**WHAT YOU WILL DO:**
Every record below must come back exactly as given.

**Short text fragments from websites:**
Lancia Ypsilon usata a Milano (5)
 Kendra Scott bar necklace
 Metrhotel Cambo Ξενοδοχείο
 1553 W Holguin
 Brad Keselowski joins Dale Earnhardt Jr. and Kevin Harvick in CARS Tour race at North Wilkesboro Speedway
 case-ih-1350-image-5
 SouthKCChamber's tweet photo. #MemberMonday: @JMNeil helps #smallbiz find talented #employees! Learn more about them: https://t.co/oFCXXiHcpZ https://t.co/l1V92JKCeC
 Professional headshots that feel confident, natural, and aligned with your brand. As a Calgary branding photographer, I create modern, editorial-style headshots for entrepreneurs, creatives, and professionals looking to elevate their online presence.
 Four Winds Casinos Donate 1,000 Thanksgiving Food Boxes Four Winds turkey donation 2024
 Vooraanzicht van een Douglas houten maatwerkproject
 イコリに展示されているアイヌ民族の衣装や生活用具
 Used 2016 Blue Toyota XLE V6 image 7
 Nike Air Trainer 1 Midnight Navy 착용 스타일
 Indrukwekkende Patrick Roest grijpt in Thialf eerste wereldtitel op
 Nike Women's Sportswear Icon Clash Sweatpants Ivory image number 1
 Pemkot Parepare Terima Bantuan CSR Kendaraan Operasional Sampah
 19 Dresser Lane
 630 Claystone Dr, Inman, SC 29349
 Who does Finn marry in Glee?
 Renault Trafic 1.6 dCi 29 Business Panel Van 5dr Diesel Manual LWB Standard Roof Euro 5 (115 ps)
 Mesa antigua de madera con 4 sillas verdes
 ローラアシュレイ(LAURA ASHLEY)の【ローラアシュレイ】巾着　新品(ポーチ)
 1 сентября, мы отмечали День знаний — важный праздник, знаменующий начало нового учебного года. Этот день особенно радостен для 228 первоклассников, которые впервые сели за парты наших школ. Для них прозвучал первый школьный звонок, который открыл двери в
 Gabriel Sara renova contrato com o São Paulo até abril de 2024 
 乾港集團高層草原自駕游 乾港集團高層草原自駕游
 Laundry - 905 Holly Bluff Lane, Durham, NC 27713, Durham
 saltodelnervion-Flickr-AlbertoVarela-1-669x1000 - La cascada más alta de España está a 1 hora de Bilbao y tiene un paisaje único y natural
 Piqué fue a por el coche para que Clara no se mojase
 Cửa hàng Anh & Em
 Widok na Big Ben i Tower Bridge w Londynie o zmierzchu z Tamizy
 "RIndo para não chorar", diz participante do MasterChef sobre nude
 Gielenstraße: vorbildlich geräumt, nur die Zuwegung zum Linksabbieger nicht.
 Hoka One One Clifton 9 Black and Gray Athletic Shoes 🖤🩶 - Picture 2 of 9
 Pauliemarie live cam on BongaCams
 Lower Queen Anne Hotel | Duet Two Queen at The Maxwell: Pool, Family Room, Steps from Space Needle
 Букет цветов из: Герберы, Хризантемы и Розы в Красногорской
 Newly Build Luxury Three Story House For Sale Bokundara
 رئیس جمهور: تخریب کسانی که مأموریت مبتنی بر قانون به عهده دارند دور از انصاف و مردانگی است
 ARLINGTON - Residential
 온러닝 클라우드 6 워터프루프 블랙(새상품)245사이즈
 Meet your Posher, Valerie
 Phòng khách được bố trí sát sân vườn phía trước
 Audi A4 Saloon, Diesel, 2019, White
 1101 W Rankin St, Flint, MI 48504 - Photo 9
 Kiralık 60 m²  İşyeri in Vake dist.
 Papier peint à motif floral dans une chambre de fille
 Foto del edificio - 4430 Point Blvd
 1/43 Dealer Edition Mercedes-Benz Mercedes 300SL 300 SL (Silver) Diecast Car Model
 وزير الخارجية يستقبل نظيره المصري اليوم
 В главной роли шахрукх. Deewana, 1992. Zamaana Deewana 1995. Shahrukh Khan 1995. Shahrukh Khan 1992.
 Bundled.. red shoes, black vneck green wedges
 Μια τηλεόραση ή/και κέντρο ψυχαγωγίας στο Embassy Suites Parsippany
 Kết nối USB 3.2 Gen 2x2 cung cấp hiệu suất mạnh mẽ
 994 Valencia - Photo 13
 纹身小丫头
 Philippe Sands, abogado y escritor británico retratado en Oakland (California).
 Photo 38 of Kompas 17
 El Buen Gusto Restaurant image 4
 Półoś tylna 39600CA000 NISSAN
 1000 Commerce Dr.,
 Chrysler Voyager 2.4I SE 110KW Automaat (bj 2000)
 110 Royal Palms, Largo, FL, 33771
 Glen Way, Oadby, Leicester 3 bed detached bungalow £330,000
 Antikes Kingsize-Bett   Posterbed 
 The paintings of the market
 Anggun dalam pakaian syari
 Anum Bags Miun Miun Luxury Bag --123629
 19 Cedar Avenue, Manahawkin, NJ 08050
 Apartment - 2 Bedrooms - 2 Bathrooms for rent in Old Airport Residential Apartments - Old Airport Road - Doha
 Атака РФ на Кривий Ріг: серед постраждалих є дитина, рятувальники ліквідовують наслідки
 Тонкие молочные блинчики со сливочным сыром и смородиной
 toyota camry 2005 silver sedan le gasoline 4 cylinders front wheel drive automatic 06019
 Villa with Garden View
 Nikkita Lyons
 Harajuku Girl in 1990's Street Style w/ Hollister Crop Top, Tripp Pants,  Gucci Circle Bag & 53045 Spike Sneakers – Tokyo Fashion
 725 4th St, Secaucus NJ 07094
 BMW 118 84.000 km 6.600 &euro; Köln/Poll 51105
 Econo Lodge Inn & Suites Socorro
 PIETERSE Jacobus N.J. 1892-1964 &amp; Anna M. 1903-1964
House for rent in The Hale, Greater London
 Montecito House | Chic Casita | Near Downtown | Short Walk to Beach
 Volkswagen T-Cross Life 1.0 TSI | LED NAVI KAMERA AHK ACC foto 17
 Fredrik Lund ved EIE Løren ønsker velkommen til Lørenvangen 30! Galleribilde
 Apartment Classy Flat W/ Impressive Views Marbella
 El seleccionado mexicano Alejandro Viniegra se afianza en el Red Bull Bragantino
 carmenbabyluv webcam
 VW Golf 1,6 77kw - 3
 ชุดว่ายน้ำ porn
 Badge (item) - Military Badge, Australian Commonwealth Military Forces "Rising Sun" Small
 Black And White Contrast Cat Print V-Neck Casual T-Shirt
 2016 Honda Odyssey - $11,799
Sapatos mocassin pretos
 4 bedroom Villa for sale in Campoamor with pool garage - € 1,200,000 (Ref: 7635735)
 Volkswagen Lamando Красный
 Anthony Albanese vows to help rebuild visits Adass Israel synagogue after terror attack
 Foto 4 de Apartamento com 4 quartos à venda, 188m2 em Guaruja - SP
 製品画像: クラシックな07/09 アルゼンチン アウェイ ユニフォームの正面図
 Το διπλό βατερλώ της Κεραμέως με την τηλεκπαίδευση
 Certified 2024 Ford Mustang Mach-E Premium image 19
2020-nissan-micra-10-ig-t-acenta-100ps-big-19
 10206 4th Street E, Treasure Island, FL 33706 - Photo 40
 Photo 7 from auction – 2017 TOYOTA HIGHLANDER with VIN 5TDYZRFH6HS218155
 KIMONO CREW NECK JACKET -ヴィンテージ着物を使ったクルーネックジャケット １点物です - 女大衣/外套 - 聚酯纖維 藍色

**YOUR RESPONSE:**
Lancia Ypsilon usata a Milano (5)
 Kendra Scott bar necklace
 Metrhotel Cambo Ξενοδοχείο
 1553 W Holguin
 Brad Keselowski joins Dale Earnhardt Jr. and Kevin Harvick in CARS Tour race at North Wilkesboro Speedway
 case-ih-1350-image-5
 SouthKCChamber's tweet photo. #MemberMonday: @JMNeil helps #smallbiz find talented #employees! Learn more about them: https://t.co/oFCXXiHcpZ https://t.co/l1V92JKCeC
 Professional headshots that feel confident, natural, and aligned with your brand. As a Calgary branding photographer, I create modern, editorial-style headshots for entrepreneurs, creatives, and professionals looking to elevate their online presence.
 Four Winds Casinos Donate 1,000 Thanksgiving Food Boxes Four Winds turkey donation 2024
 Vooraanzicht van een Douglas houten maatwerkproject
 イコリに展示されているアイヌ民族の衣装や生活用具
 Used 2016 Blue Toyota XLE V6 image 7
 Nike Air Trainer 1 Midnight Navy 착용 스타일
 Indrukwekkende Patrick Roest grijpt in Thialf eerste wereldtitel op
 Nike Women's Sportswear Icon Clash Sweatpants Ivory image number 1
 Pemkot Parepare Terima Bantuan CSR Kendaraan Operasional Sampah
 19 Dresser Lane
 630 Claystone Dr, Inman, SC 29349
 Who does Finn marry in Glee?
 Renault Trafic 1.6 dCi 29 Business Panel Van 5dr Diesel Manual LWB Standard Roof Euro 5 (115 ps)
 Mesa antigua de madera con 4 sillas verdes
 ローラアシュレイ(LAURA ASHLEY)の【ローラアシュレイ】巾着　新品(ポーチ)
 1 сентября, мы отмечали День знаний — важный праздник, знаменующий начало нового учебного года. Этот день особенно радостен для 228 первоклассников, которые впервые сели за парты наших школ. Для них прозвучал первый школьный звонок, который открыл двери в
 Gabriel Sara renova contrato com o São Paulo até abril de 2024 
 乾港集團高層草原自駕游 乾港集團高層草原自駕游
 Laundry - 905 Holly Bluff Lane, Durham, NC 27713, Durham
 saltodelnervion-Flickr-AlbertoVarela-1-669x1000 - La cascada más alta de España está a 1 hora de Bilbao y tiene un paisaje único y natural
 Piqué fue a por el coche para que Clara no se mojase
 Cửa hàng Anh & Em
 Widok na Big Ben i Tower Bridge w Londynie o zmierzchu z Tamizy
 "RIndo para não chorar", diz participante do MasterChef sobre nude
 Gielenstraße: vorbildlich geräumt, nur die Zuwegung zum Linksabbieger nicht.
 Hoka One One Clifton 9 Black and Gray Athletic Shoes 🖤🩶 - Picture 2 of 9
 Pauliemarie live cam on BongaCams
 Lower Queen Anne Hotel | Duet Two Queen at The Maxwell: Pool, Family Room, Steps from Space Needle
 Букет цветов из: Герберы, Хризантемы и Розы в Красногорской
 Newly Build Luxury Three Story House For Sale Bokundara
 رئیس جمهور: تخریب کسانی که مأموریت مبتنی بر قانون به عهده دارند دور از انصاف و مردانگی است
 ARLINGTON - Residential
 온러닝 클라우드 6 워터프루프 블랙(새상품)245사이즈
 Meet your Posher, Valerie
 Phòng khách được bố trí sát sân vườn phía trước
 Audi A4 Saloon, Diesel, 2019, White
 1101 W Rankin St, Flint, MI 48504 - Photo 9
 Kiralık 60 m²  İşyeri in Vake dist.
 Papier peint à motif floral dans une chambre de fille
 Foto del edificio - 4430 Point Blvd
 1/43 Dealer Edition Mercedes-Benz Mercedes 300SL 300 SL (Silver) Diecast Car Model
 وزير الخارجية يستقبل نظيره المصري اليوم
 В главной роли шахрукх. Deewana, 1992. Zamaana Deewana 1995. Shahrukh Khan 1995. Shahrukh Khan 1992.
 Bundled.. red shoes, black vneck green wedges
 Μια τηλεόραση ή/και κέντρο ψυχαγωγίας στο Embassy Suites Parsippany
 Kết nối USB 3.2 Gen 2x2 cung cấp hiệu suất mạnh mẽ
 994 Valencia - Photo 13
 纹身小丫头
 Philippe Sands, abogado y escritor británico retratado en Oakland (California).
 Photo 38 of Kompas 17
 El Buen Gusto Restaurant image 4
 Półoś tylna 39600CA000 NISSAN
 1000 Commerce Dr.,
 Chrysler Voyager 2.4I SE 110KW Automaat (bj 2000)
 110 Royal Palms, Largo, FL, 33771
 Glen Way, Oadby, Leicester 3 bed detached bungalow £330,000
 Antikes Kingsize-Bett   Posterbed 
 The paintings of the market
 Anggun dalam pakaian syari
 Anum Bags Miun Miun Luxury Bag --123629
 19 Cedar Avenue, Manahawkin, NJ 08050
 Apartment - 2 Bedrooms - 2 Bathrooms for rent in Old Airport Residential Apartments - Old Airport Road - Doha
 Атака РФ на Кривий Ріг: серед постраждалих є дитина, рятувальники ліквідовують наслідки
 Тонкие молочные блинчики со сливочным сыром и смородиной
 toyota camry 2005 silver sedan le gasoline 4 cylinders front wheel drive automatic 06019
 Villa with Garden View
 Nikkita Lyons
 Harajuku Girl in 1990's Street Style w/ Hollister Crop Top, Tripp Pants,  Gucci Circle Bag & 53045 Spike Sneakers – Tokyo Fashion
 725 4th St, Secaucus NJ 07094
 BMW 118 84.000 km 6.600 &euro; Köln/Poll 51105
 Econo Lodge Inn & Suites Socorro
 PIETERSE Jacobus N.J. 1892-1964 &amp; Anna M. 1903-1964
House for rent in The Hale, Greater London
 Montecito House | Chic Casita | Near Downtown | Short Walk to Beach
 Volkswagen T-Cross Life 1.0 TSI | LED NAVI KAMERA AHK ACC foto 17
 Fredrik Lund ved EIE Løren ønsker velkommen til Lørenvangen 30! Galleribilde
 Apartment Classy Flat W/ Impressive Views Marbella
 El seleccionado mexicano Alejandro Viniegra se afianza en el Red Bull Bragantino
 carmenbabyluv webcam
 VW Golf 1,6 77kw - 3
 ชุดว่ายน้ำ porn
 Badge (item) - Military Badge, Australian Commonwealth Military Forces "Rising Sun" Small
 Black And White Contrast Cat Print V-Neck Casual T-Shirt
 2016 Honda Odyssey - $11,799
Sapatos mocassin pretos
 4 bedroom Villa for sale in Campoamor with pool garage - € 1,200,000 (Ref: 7635735)
 Volkswagen Lamando Красный
 Anthony Albanese vows to help rebuild visits Adass Israel synagogue after terror attack
 Foto 4 de Apartamento com 4 quartos à venda, 188m2 em Guaruja - SP
 製品画像: クラシックな07/09 アルゼンチン アウェイ ユニフォームの正面図
 Το διπλό βατερλώ της Κεραμέως με την τηλεκπαίδευση
 Certified 2024 Ford Mustang Mach-E Premium image 19
2020-nissan-micra-10-ig-t-acenta-100ps-big-19
 10206 4th Street E, Treasure Island, FL 33706 - Photo 40
 Photo 7 from auction – 2017 TOYOTA HIGHLANDER with VIN 5TDYZRFH6HS218155
 KIMONO CREW NECK JACKET -ヴィンテージ着物を使ったクルーネックジャケット １点物です - 女大衣/外套 - 聚酯纖維 藍色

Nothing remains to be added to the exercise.